When artist and historian Chloé Duplessis first encountered the story of women washing twelve tablecloths a day at the Whitney Plantation in Louisiana, the experience left her silent.
"I couldn't shake it. I fell silent, and I just kept shaking my head and thinking how and why and all the things," Duplessis recalled in an interview with CPR. "I don't know what to do with this, but I have to do something."
That moment stayed with her for years. It ultimately became the foundation for her traveling exhibition, Twelve Tablecloths. The installation, now at the Trinidad History Museum, honors the lives of Black domestic workers — women whose labor and stories were often unrecorded.
Duplessis, who is from Louisiana and now lives in Denver, had been doing historical research and producing art across the country. But it wasn’t until she completed an artist residency in Trinidad that she felt emotionally ready to bring Twelve Tablecloths to Colorado.
"It made sense for me because I actually lived here for almost a year and served here in the community," she said. "People tend to view enslavement as something that only happened in the South. But there were enslaved persons everywhere."

Naming the women
The installation in Trinidad features the stories of four Black women who worked as domestic servants in the town between 1890 and 1920: Birdie Gordon, Laura Graham, Margaret South, and Sophie Douglas. Duplessis discovered them through census records and was especially struck by Laura Graham. Early census records show her listed as Black, but about a decade later, she is listed as white.

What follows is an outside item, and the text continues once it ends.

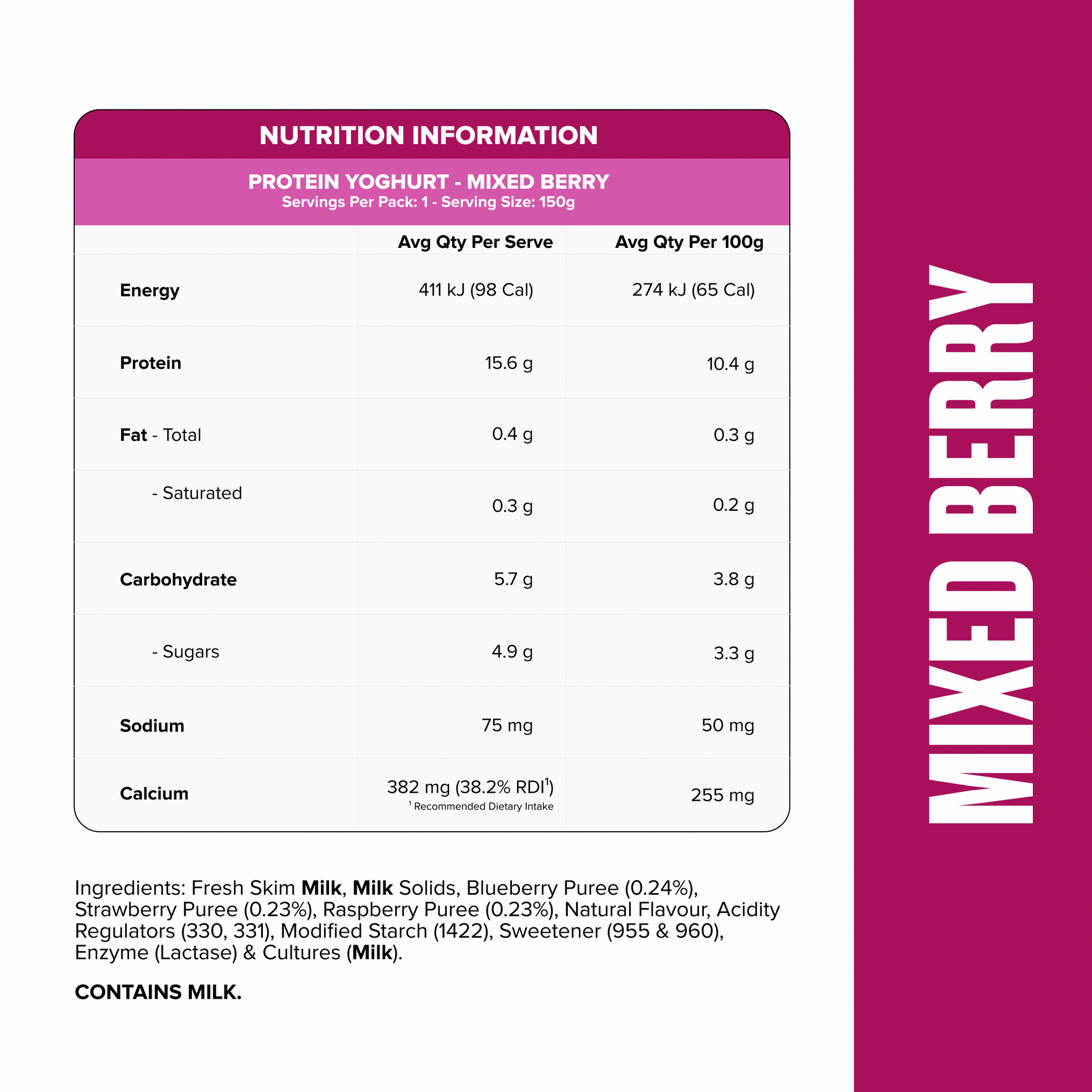 PROTEIN YOGHURT - Mixed Berry Pouch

"All the information is the same," she said. "And for people who study this work, we know that that means that Laura was passing."
Duplessis reflected on the emotional cost of racial passing: "You give up a portion of who you are. For this new identity, it’s required."
Textiles with meaning
Materials are essential to the storytelling of Twelve Tablecloths. One of the most prominent is burlap, a rough fiber Duplessis calls her "soul fabric."

"It represents the resilience and the capacity of Black women," she said. "When working with the burlap, I'm always reminded of all the ways in which Black women have had to contort themselves and bend and bow and present themselves to live, to survive."
Other symbolic materials include blue gingham, pinto beans, dried herbs and handspun ceramic plates created by artist Katie McWeeney. Each object and color was chosen with intention.


"We wanted to really give them their due," she said, referencing both the Black and Native women who worked in Trinidad. "Whatever you're preparing for the people on the main property, you're not eating. You're getting the scraps ... And I think that to a certain degree, every woman kind of has a little bit of that. We got a little bit of that awesomeness where we just know, ‘I'm gonna take what I have and make something extraordinary.’ It's our superpower.”
Accessibility as a value
Duplessis, who is legally blind and has a progressive eye condition, worked closely with museum staff to make the space accessible.
"It means walking into a space and being allowed to fully experience the work presented in a way that does not other me, in a way that does not require me to feel solemn or ask for permission," she said.

The exhibit uses colors designed for low-vision audiences and includes a seven-minute audio tour recorded by Duplessis herself.
"Twelve Tablecloths" is on view through August 8, 2025, at the Trinidad History Museum and will travel next to Fort Garland and Leadville.